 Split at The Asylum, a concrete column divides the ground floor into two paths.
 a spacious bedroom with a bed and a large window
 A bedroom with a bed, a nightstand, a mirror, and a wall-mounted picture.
--------------------
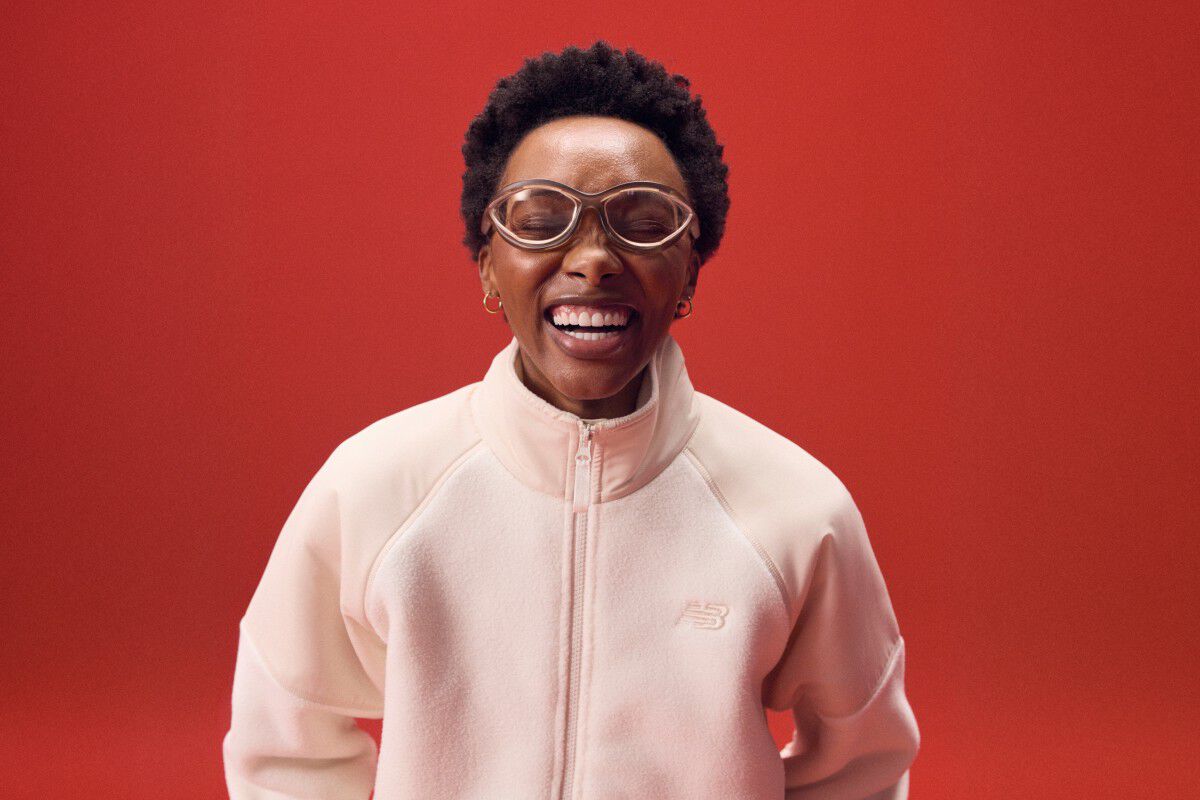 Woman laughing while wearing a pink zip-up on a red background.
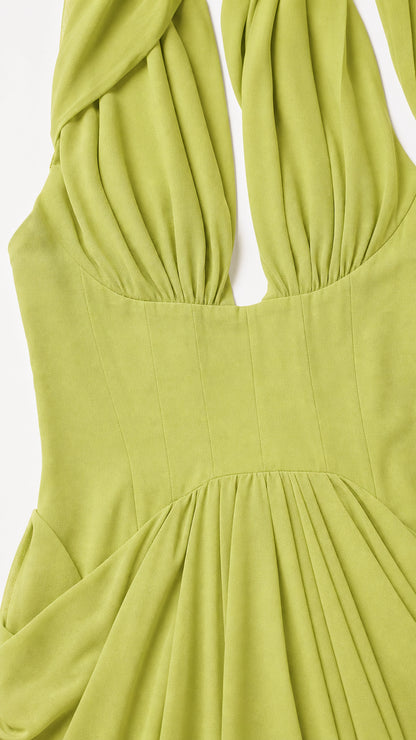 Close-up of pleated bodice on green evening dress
--------------------
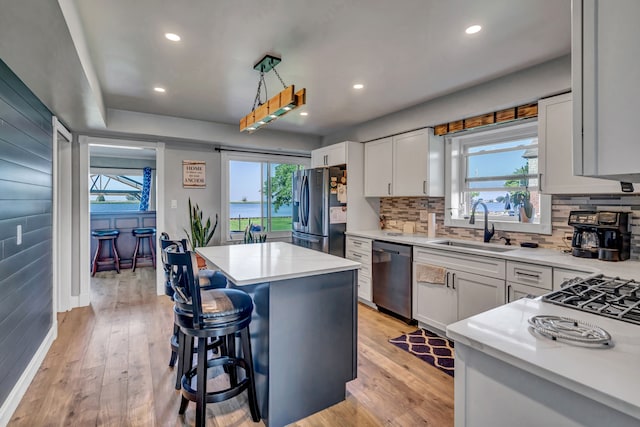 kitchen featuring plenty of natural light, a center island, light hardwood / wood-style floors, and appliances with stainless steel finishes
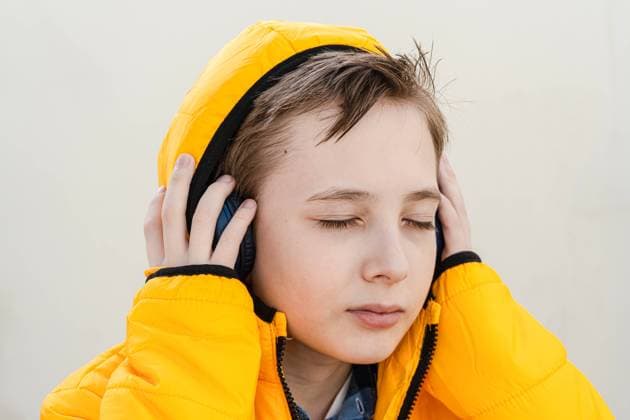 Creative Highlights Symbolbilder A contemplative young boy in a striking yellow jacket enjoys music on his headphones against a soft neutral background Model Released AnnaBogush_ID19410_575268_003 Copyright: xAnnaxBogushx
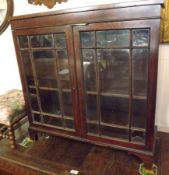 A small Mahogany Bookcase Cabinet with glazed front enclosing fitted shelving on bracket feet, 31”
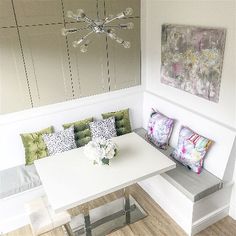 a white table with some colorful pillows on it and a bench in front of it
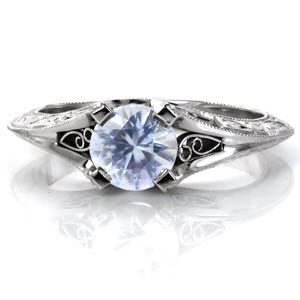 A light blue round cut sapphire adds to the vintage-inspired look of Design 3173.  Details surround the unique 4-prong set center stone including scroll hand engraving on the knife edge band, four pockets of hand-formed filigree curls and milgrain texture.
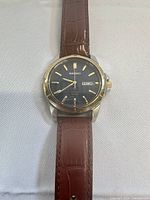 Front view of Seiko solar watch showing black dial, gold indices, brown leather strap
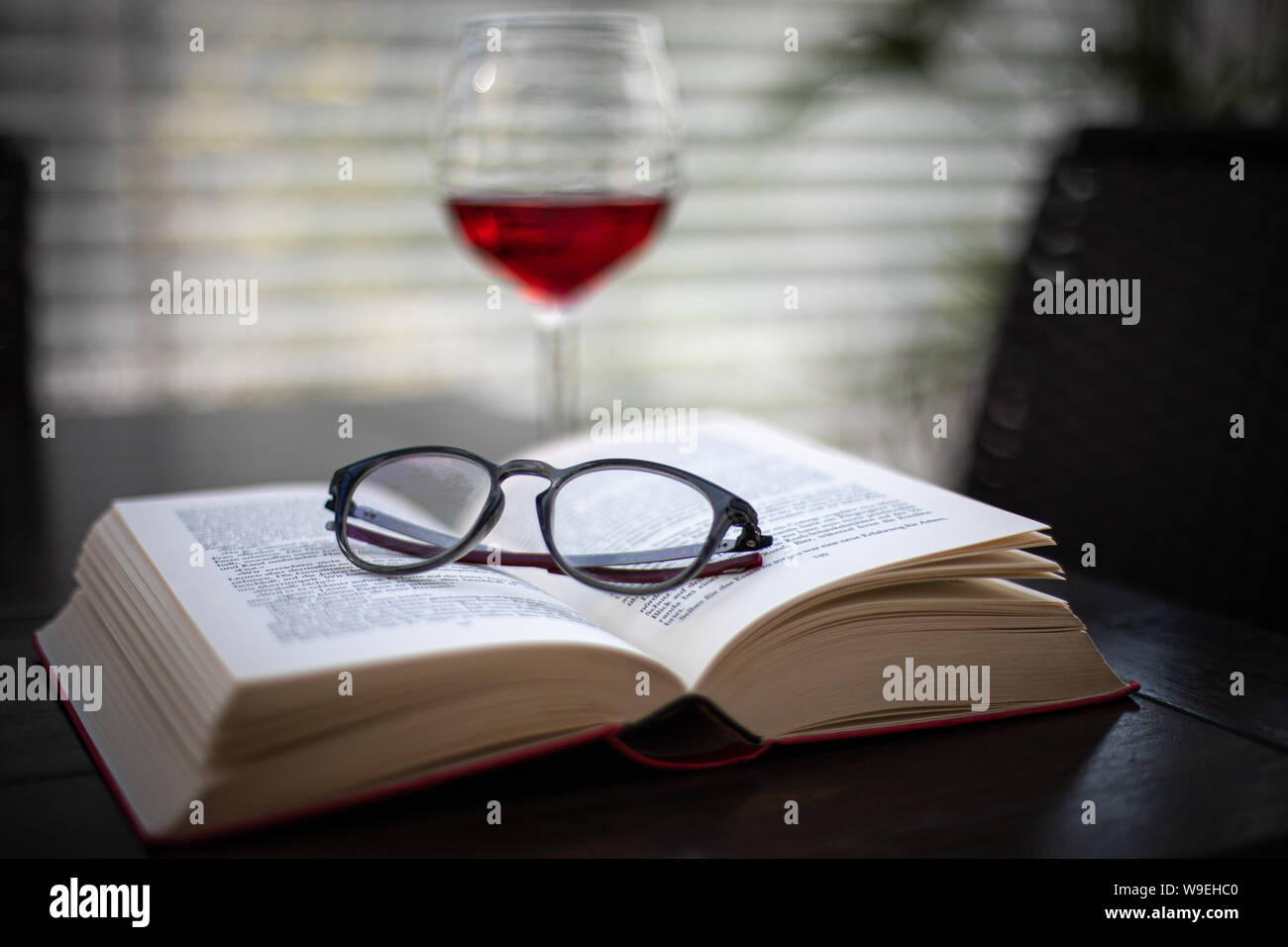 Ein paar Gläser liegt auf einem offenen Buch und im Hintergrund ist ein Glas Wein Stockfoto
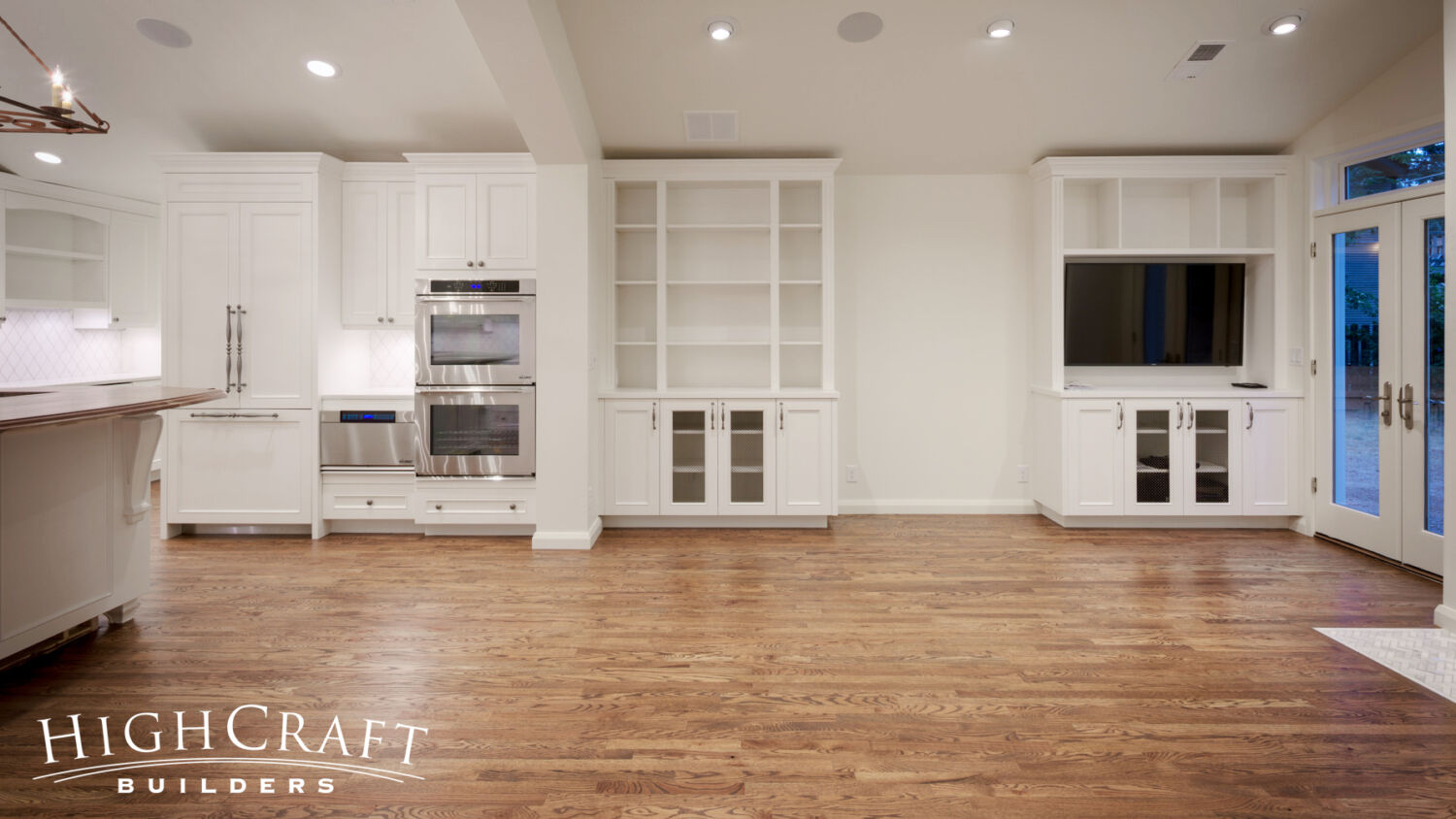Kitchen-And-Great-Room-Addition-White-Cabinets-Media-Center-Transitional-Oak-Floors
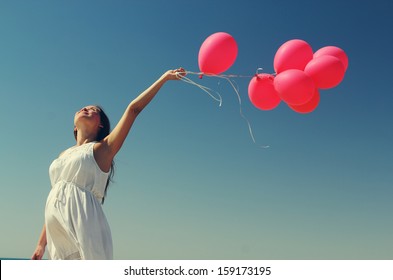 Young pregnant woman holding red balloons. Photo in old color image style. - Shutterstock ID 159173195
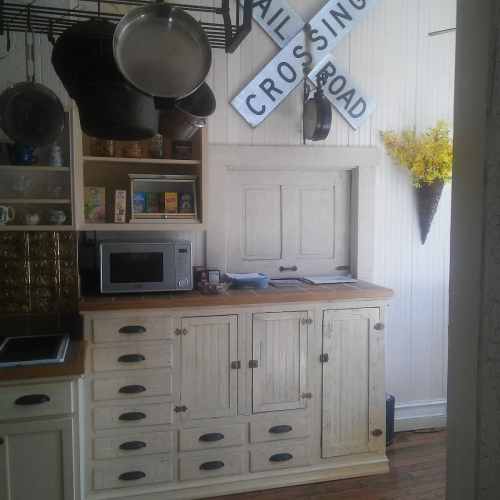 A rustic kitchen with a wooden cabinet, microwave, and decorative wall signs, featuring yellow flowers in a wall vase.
--------------------
* _Task to carry out_: A single number is the whole answer: how many lines in the listing contain "bedroom"?

* _Expected answer_: 2